Local rabbis reject call for a Muslim ban

Local rabbis reject call for a Muslim ban

Members of the Rabbinical Association in the Heart of NJ at their first social event, held Dec. 21 at Sandcastle Billiards in Edison are, from left, Rabbis Robert Wolkoff (Congregation B’nai Tikvah, North Brunswick), Esther Reed (Rutgers Hillel), Ja
Members of the Rabbinical Association in the Heart of NJ at their first social event, held Dec. 21 at Sandcastle Billiards in Edison are, from left, Rabbis Robert Wolkoff (Congregation B’nai Tikvah, North Brunswick), Esther Reed (Rutgers Hillel), Ja

The Rabbinical Association in the Heart of New Jersey has rejected calls to ban Muslims from entering the country.

In a statement posted Dec. 14, the organization, representing 31 rabbis who either work or live in Middlesex or Monmouth County, declared that no one should be excluded from entering the United States based on his or her religion. 

Although it does not mention Donald Trump by name, the statement comes on the heels of the Republican presidential frontrunner’s call, in the wake of the San Bernardino shootings, to temporarily ban all Muslims from entering the United States.

“We are blessed to live in a country where people of all faiths, including Christians, Jews, and Muslims, live free of religious persecution,” the statement said.

“Our own Jewish faith has been victim of such prejudice and oppression. We advocate that our country welcome all those who wish to live peacefully no matter what religion they practice.”

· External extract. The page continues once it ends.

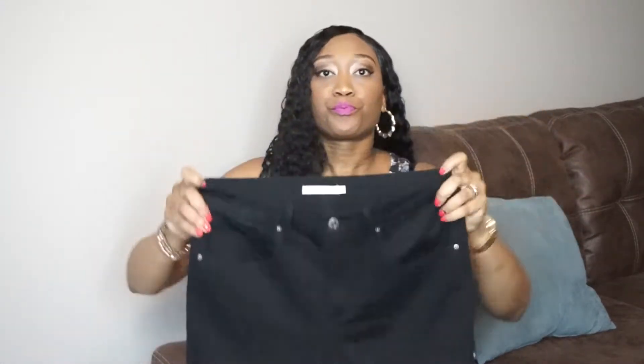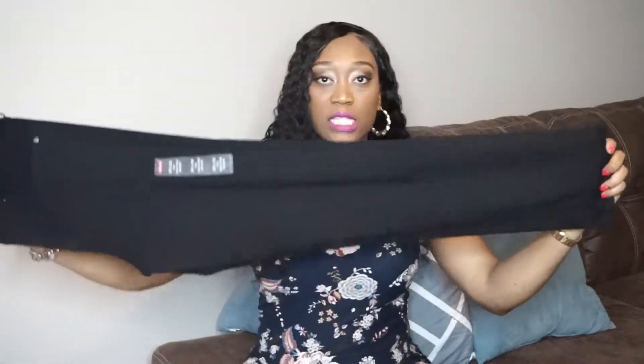Let me start with the first pair of jeans. These are Levi's — the 721 High Rise Skinnies in a 30 by 32, in the color black. They fit so freaking good. I love the length. I am 5'5" and 158 pounds, so that kind of helps.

The statement is the latest action of a six-year-old group that has grown on the strength of the January 2015 merger of the Jewish federations of Greater Middlesex and Monmouth counties, resulting in the Jewish Federation in the Heart of NJ. The decision to issue a statement grew out of the association’s last monthly meeting, on Dec. 9.

“The subject was being discussed, and the overwhelming majority of those present favored a public statement,” said association president Rabbi Jay Weinstein of Young Israel of East Brunswick. “This was not politically motivated, but reflected our belief that a moral, ethical issue was involved.” 

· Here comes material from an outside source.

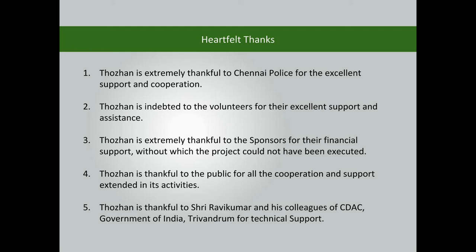Without the sponsors' support, the project could not have been executed. Thorin is thankful to the public for all the cooperation and support extended in its activities. Thorin is thankful to Sri Ravikumar and his colleagues of CDAC, Government of India, Trivandrum, for technical support.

The statement appears on the federation website (jewishheartnj.org), as well as on the Facebook pages of several participating association members.

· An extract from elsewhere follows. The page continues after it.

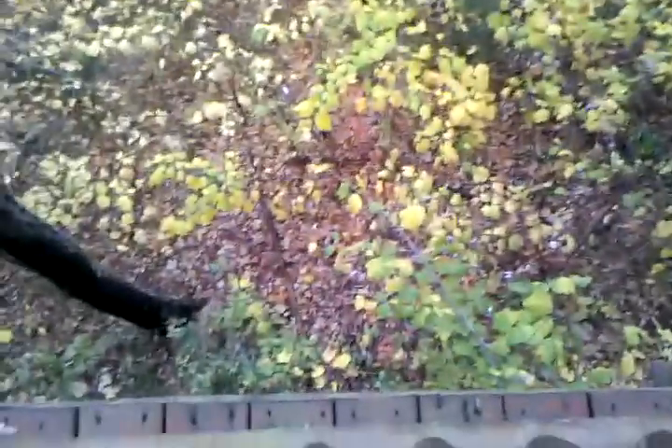Hey guys. Cool table. Downstairs balcony — that's about two stories down, not nearly as far.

“We’ve received a lot of Facebook ‘likes’ and no negative comment at all,” said Rabbi David Vaisberg, the association’s vice president and religious leader of Temple Emanu-El in Edison.

Weinstein and Vaisberg, along with association secretary Rabbi Ari Saks of Congregation Beth Mordecai in Perth Amboy, spoke to NJJN via a four-way conference call. 

Saks said this was not the first such statement presented by the group. On Oct. 15, they posted a statement in solidarity with Israelis in the wake of a series of stabbings and car-rammings by Palestinian terrorists. In that statement, its members “affirm the right of the State of Israel to defend its citizens” and ask community members to pray for peace and security in Israel. 

Vaisberg said the new statement is consistent with recent efforts to improve relations between Jewish and Muslim communities in the region. Last month, Temple Emanu-El hosted an interfaith dialogue with Vaisberg and Imam Raouf Zaman and members of the Muslim Center of Middlesex County in Piscataway.

Originated by six Middlesex County rabbis, the Rabbinical Association is not limited to hot-button topics like Muslim-Jewish interaction. “The initial goal was to provide a mechanism for rabbis to come together on issues of personal and professional significance,” said Weinstein.

Following the merger, the association, whose members were previously only from Middlesex, invited Monmouth County rabbis to join. They also added “Heart of New Jersey” to reflect the federation’s new name. As of now, some one-third of the 31 members are from Monmouth.

Vaisberg said the Rabbinical Association is an independent body. “We work closely with federation, one of our people is on its board, and we receive some funding, but we are not an official arm of federation,” he said.

In June, with the federation’s help, the rabbis’ organization held its first retreat, focusing largely on the changing roles clergy must play in a challenging new environment.

Other projects being developed by the association include a clergy mission to Israel, scheduled to depart in late February, and “Torah on Tap,” a learning and engagement program aimed at young adults.

“Every month, we plan to visit a different local bar where young adults gather,” said Vaisberg. “Our first session, held as an experiment in September, was at Hailey’s Harp & Pub in Metuchen. We offered a program covering crime and punishment within the context of Jewish values.”

The organization has a lighter side as well. Recently, the group held its first social event at Sandcastle Billiards in Edison. “We brought in some kosher pizza and got a coach to help us improve our pool shooting technique,” said Saks.